I hope you take a moment to read this interesting article about Mississippi’s (my) governor, Haley Barbour. It was in Time Magazine last week and highlighted some of the Governor’s qualities and mused at his potential run for President in 2012. I have met Governor Barbour several times and needless to say, I’m a huge fan. He is very down to earth and easy to have a conversation with. Recently, he spoke at a reception in DC at the Newseum to honor the 5th anniversary of Hurricane Katrina. He teared up just talking about the coast and the devastation that he saw. We are still dealing with aftermath of Katrina, but if not for Governor Barbour, we would be much more behind.
So will he run?
“In the brazen Tea Party era, Barbour can seem a bit old-fashioned. Some of his own associates say he lacks flesh-and-blood passion in his public performances. Unlike Reagan, Barbour only infrequently mentions real people to make his points. His speeches are spiked with quick humor and biting rhetoric, but he rarely inspires emotion or fervor. And though he hails from the buckle of the Bible Belt, he is an unabashed big-tent, Big Business Republican who has never drunk very deeply from the social-values trough. Democrats from Donna Brazile to David Axelrod consider him cooperative and, in some cases, a friend. And Barbour would return the compliment. Several decades in Washington taught him never to make an enemy he doesn't need.
Barbour's status as an elder statesman from something of a bygone era in a restive party adds to doubts about whether he will run.
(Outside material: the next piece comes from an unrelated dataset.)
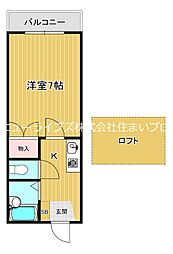京阪本線 大和田駅 徒歩7分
More than that, he has commented to friends that as he ages, his family is a priority, and Marsha, his wife of some 40 years (they have two sons and four grandchildren), has never been particularly enthusiastic about the high-flying lifestyle her husband has led in politics. He is visibly overweight and shuffles as much as he walks. (He once owned a piece of one of Washington's more artery-clogging steak houses.)
As said by the Gov himself: "If I run for President, what you see is what you get. And I am from Mississippi. I do have a Southern accent," he said. "I was a lobbyist — and a pretty damned good one... The next President of the United States, on Jan. 21, 2013, is going to start lobbying. He's going to be lobbying Congress. He's going to be lobbying other countries. He's going to be lobbying the business community. He's going to be lobbying the labor unions and the governors, because that's what Presidents do, and I feel like it's an advantage for me to have the chance to do that."
And then he added, "As far as Southern accent and Mississippi, the country may be looking for the anti-Obama in 2012. Don't know. Could be."